Are self harm and suicide immoral?
Debate Rounds (4)
Suicide can be considered a dark decision made by a person on his own self. While every person has rights that allow them to be their own property, suicide has a great effect on the person's environment. If anyone kills themselves, then they are causing great harm to all those who depend on them. Every person has a great psychological and ethical effect on their environment. This ethical radiatory effect is generally because of the emotional impact they have on many people. If a person commits suicide, their death will have great depressive emotional impact on all those that love them. Every person in the world has other people caring for them. So, if the person commits suicide or harms oneself, then they are causing great emotional harm to other people, and are justifiably answerable to all those people emotionally or psychologically harmed by them, else that person is violating basic human ethical viewpoints.
Self harm causes further pain to one's environment, because self-harm is generally more painful than suicide. It is unjust to all those that one has evolved to gain care from.
Conclusion: Self-harm and suicide are not morally justifiable because of the negative emotional impact they have on people.
It is like saying chemotherapy is immoral because seeing a bald cancer patient makes you sad.
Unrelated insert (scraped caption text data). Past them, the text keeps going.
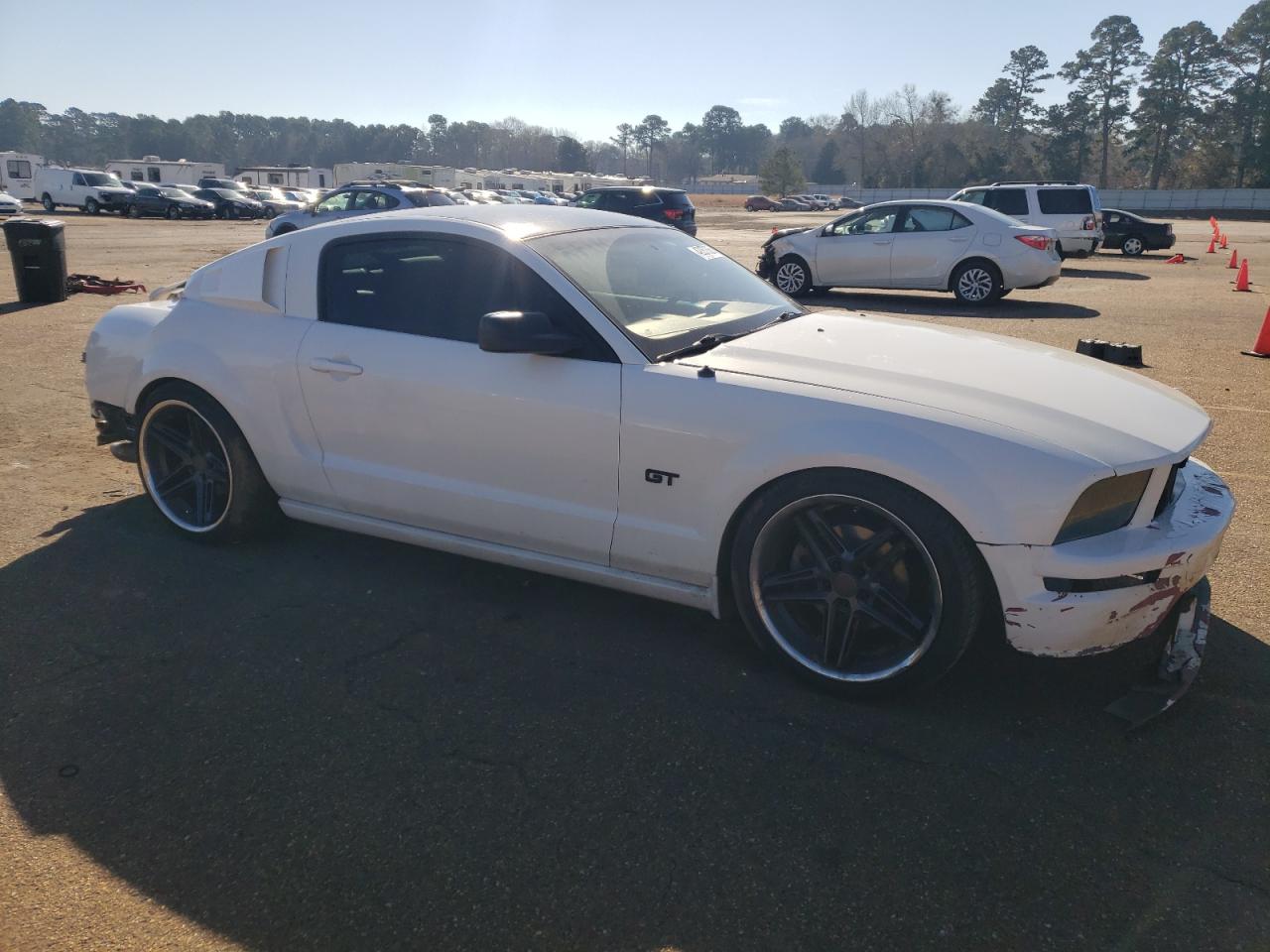 2008 Ford Mustang - Image 4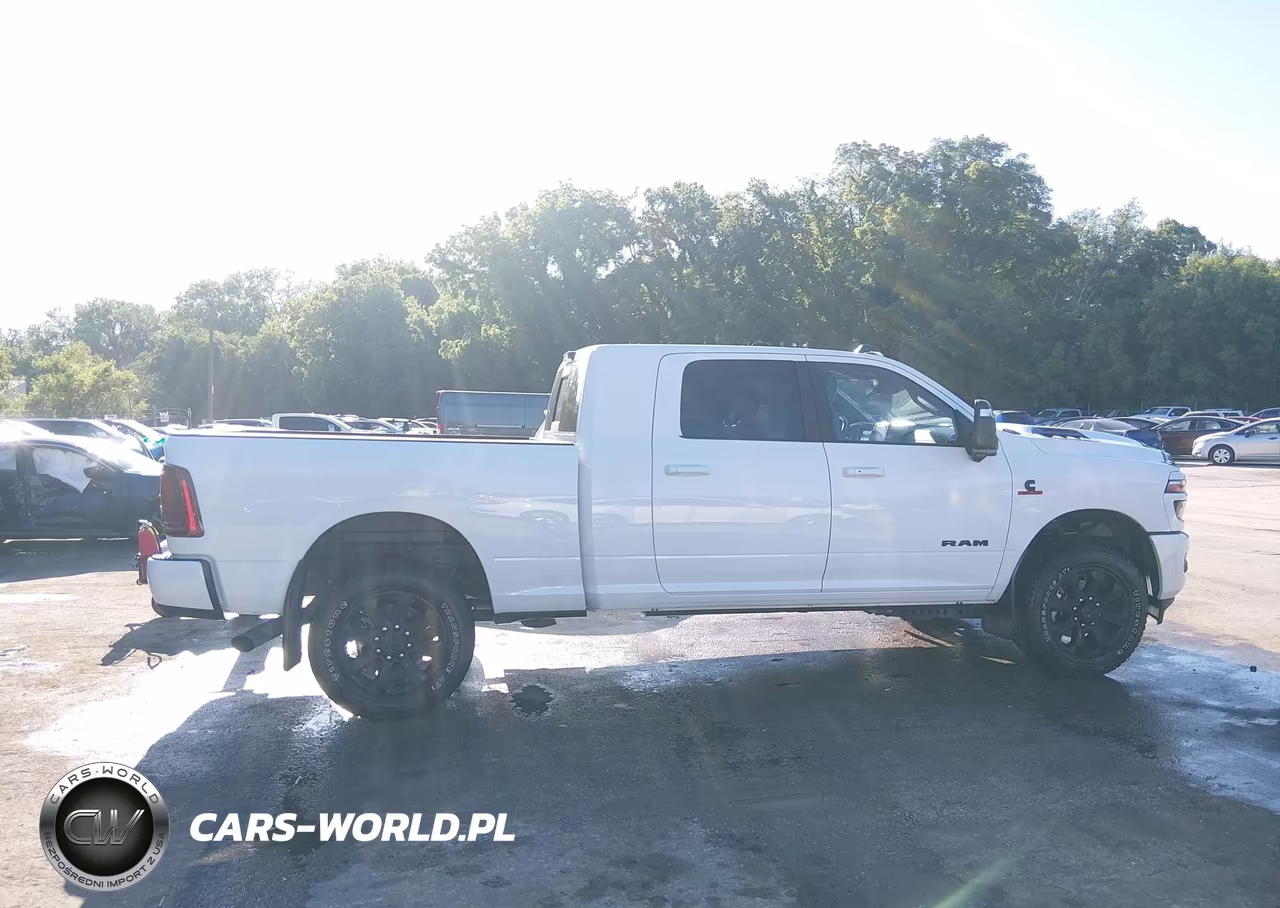 2025 Ram 2500 Laramie 4X4 6'4 Box VIN:3C63R5NL1SG560392 - 13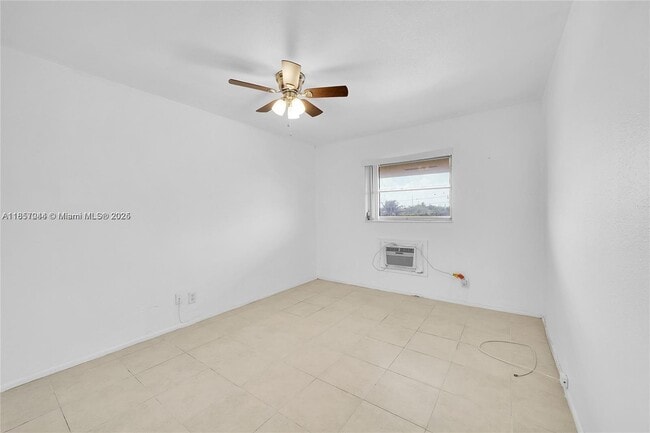 Building Photo - 1050 E Sample Rd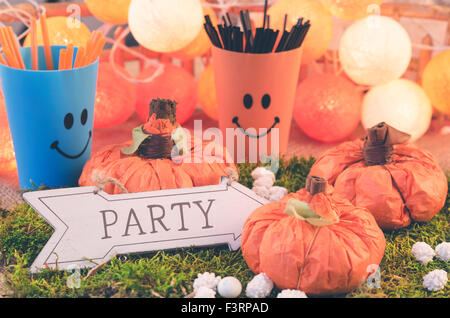 Halloween fatto a mano le zucche. Messa a fuoco selettiva Foto Stock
The same goes for suicide. It's really hard to understand depression if you don't have it, I am not an exception here. But people with depression do not want to be sad, they want to continue their life healthily. And when a person with depression decides to attempt suicide it is because they feel like they cannot go on, they don't want to live another day in which all they want to do is cry. Most people with depression who kill themselves do so 6 months after seeking professional help. Imagine how it must feel to have a mental condition that destroys all your happiness and robs you of your will to live, and then to realise the best help money can buy isn't working. Once again, how arrogant do you have to be to look at a person who has lost the will to keep on going and just wants all the pain to be over, and conclude that they have to keep on going through the pain just because of you. You are utterly repulsive if you look at a person who's lost all will to live, and conclude that person is an immoral wretch.
In conclusion, people commit suicide and self harm because they have nothing left they can do. And pointing at these people and calling them immoral is not only idiotic and evil. It's dangerous. They do what they do because it's all they have left and then they're told that they're wrong for doing it. I think its not them who are the immoral ones here.
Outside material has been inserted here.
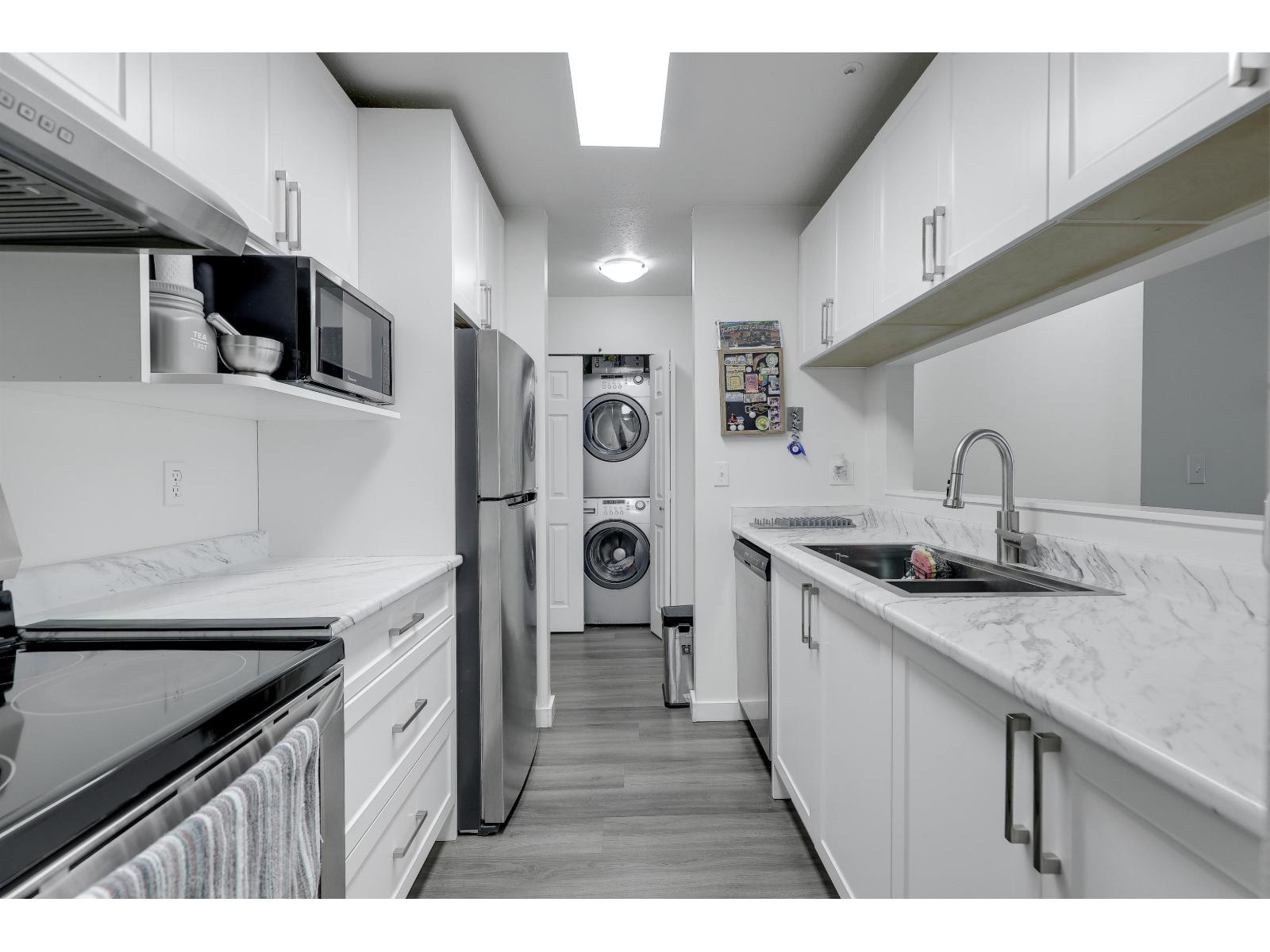 336 32830 GEORGE FERGUSON WAY — photo 9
Clinical depression can be eased, even cured; death cannot, and nor can the people affected by another's death.
First of all, we pretty much know that there is no afterlife. Human consciousness and everything we are, every single tiny part of your personality is powered and stored in your brain. In fact to be honest humans are more like brains walking around in a life-support suit. Yes I suppose it might not be very nice to think like this but years of studying neuroscience has proven it to be true. The brain also needs oxygen to survive, about five minutes of not having any and it'll shut down and die. And once the brain is dead, you are dead and so is everything you ever were. Its like wiping a hard drive, the materials are still there but the contents are gone. So there cannot really be an afterlife because once your brain is no longer alive, the thing that made you you is gone.
Secondly even if this weren't the case it still wouldn't make any sense because by the same logic the afterlife could be a place of happiness when all the pain was gone, so in that sense committing suicide was the best move possible.
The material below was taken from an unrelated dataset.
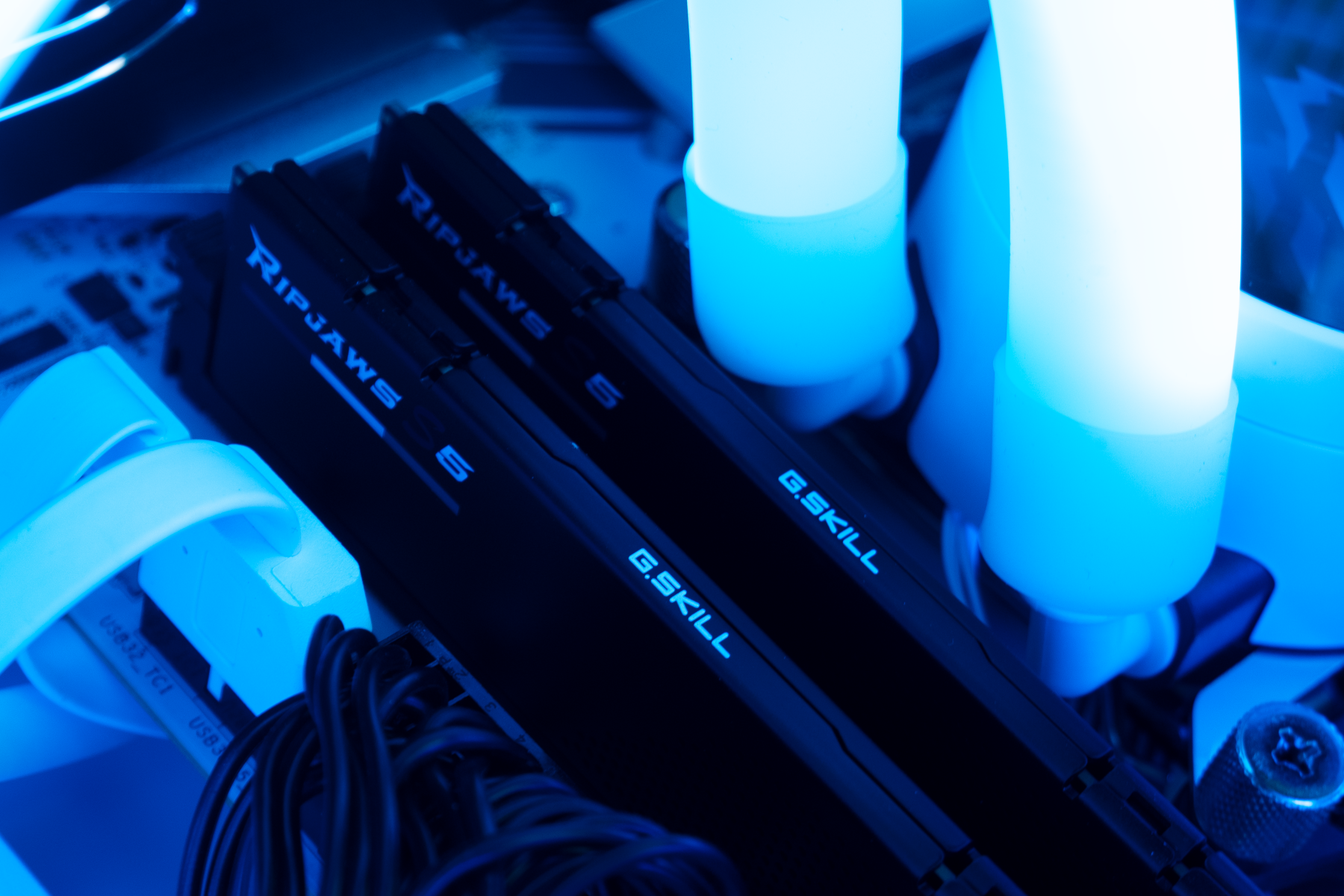 Купить игровой компьютер amd ryzen 9 7950x3d, amd rx 9070 xt 16gb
As I have already said, depression destroys lives. It makes it impossible for the person to live a happy life, robs them of all energy, effort and will to live they have had. And some people can have it for years and years without there being any change or it getting any easier. Depression is one of the worst things that can happen to a person, it can over time destroy a person to the extent everyday feels like utter hell. And if they can't handle it anymore and just want the pain to go away then that is their right, it is not selfish or immoral. Yes of course it will affect their loved ones, but if you think the person felt obliged to stick around and to keep going through all that pain just for you then you are a selfish, entitled reprobate plain and simple
The title of this debate is "Are self harm and suicide immoral?" in a general sense. In cases of psychological disorders (bipolar disorder, schizophrenia, clinical depression), suicide is forgivable, if not moral. Yet, in a case when one wishes to end one's life out of simply non-clinical sadness or despair, then suicide is immoral for the reasons stated in my first argument. If this debate was inclusive of all such categorical plausibilities, then there should have been proper definitions. Thus, the first argument stands for lack of proper definitions. In certain cases, suicide can be considered forgivable, but not in most.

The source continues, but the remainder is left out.